Germline-encoded pattern recognition receptors (PRRs) mediate an early innate immune response against viral pathogens.
Retinoic acid-inducible gene I protein (RIG-I) and melanoma differentiation-associated protein 5 (MDA5) are cytoplasmic sensors that detect viral RNA species and signal through the mitochondrial antiviral-signalling protein (MAVS) to induce the production of type I interferons (IFNs) and other cytokines.
Intracellular DNA sensors, such as cyclic GMP–AMP synthase (cGAS) and IFNγ-inducible protein 16 (IFI16), detect viral DNA in the cytoplasm and/or nucleus and signal through the stimulator of IFN genes (STING) to trigger an immune response.

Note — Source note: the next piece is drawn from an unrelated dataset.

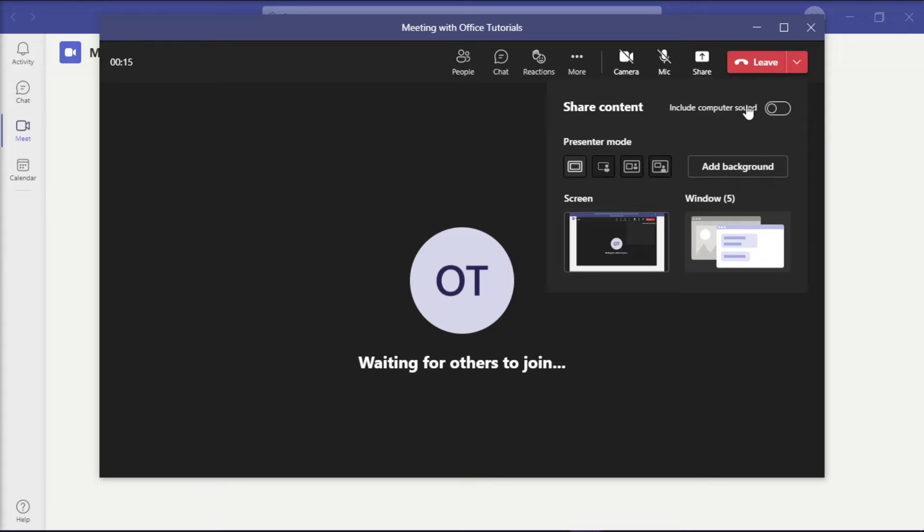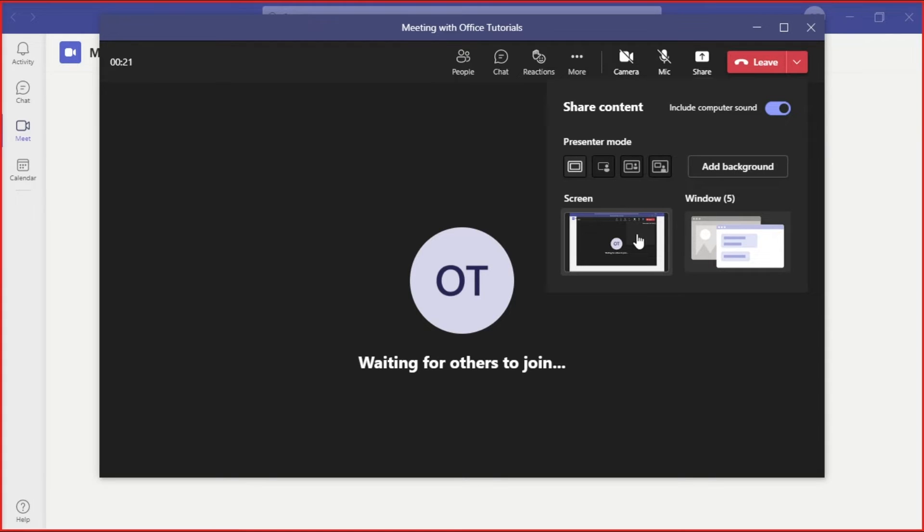Also, remember to select the option Include System Audio when selecting Share in your meeting controls so that the attendees would hear the audio.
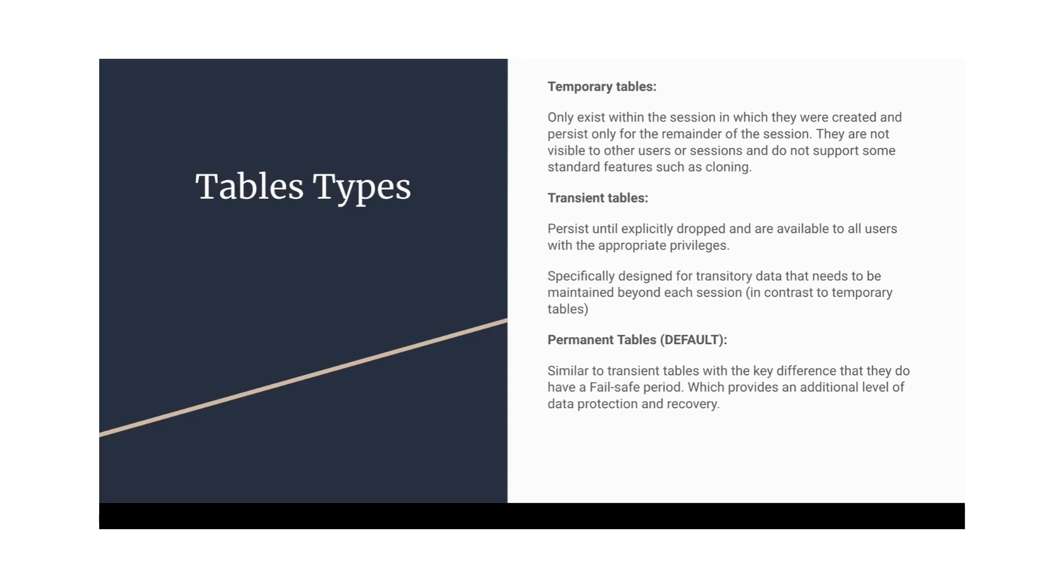What it means, if we take the difference between the transient and the permanent table, transient tables will not have the fail-safe associated with them. As we know, fail-safe occupies some storage, which is ultimately going to be a cost to the user. So transient tables are a little bit cost effective as compared to permanent tables because the fail-safe is not associated with transient tables.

Viruses antagonize PRRs through the sequestration or modification of their viral genomes and through the manipulation of post-translational modifications of PRRs or their adaptor proteins. Some viruses cleave or degrade PRRs or their adaptors, or sequester and relocalize PRRs to escape immunity.
A better understanding of the cellular immune-surveillance machinery and viral immune evasion strategies may guide the development of antiviral therapeutics and vaccines.
Pattern recognition receptors (PRRs) detect conserved molecular features of viral pathogens and initiate signalling that results in the expression of antiviral genes. In this Review, Chan and Gack highlight the major classes of intracellular viral RNA and DNA sensors and discuss the viral strategies that are used to escape immune surveillance by those sensors.
The co-evolution of viruses with their hosts has led to the emergence of viral pathogens that are adept at evading or actively suppressing host immunity. Pattern recognition receptors (PRRs) are key components of antiviral immunity that detect conserved molecular features of viral pathogens and initiate signalling that results in the expression of antiviral genes. In this Review, we discuss the strategies that viruses use to escape immune surveillance by key intracellular sensors of viral RNA or DNA, with a focus on RIG-I-like receptors (RLRs), cyclic GMP–AMP synthase (cGAS) and interferon-γ (IFNγ)-inducible protein 16 (IFI16). Such viral strategies include the sequestration or modification of viral nucleic acids, interference with specific post-translational modifications of PRRs or their adaptor proteins, the degradation or cleavage of PRRs or their adaptors, and the sequestration or relocalization of PRRs. An understanding of viral immune-evasion mechanisms at the molecular level may guide the development of vaccines and antivirals.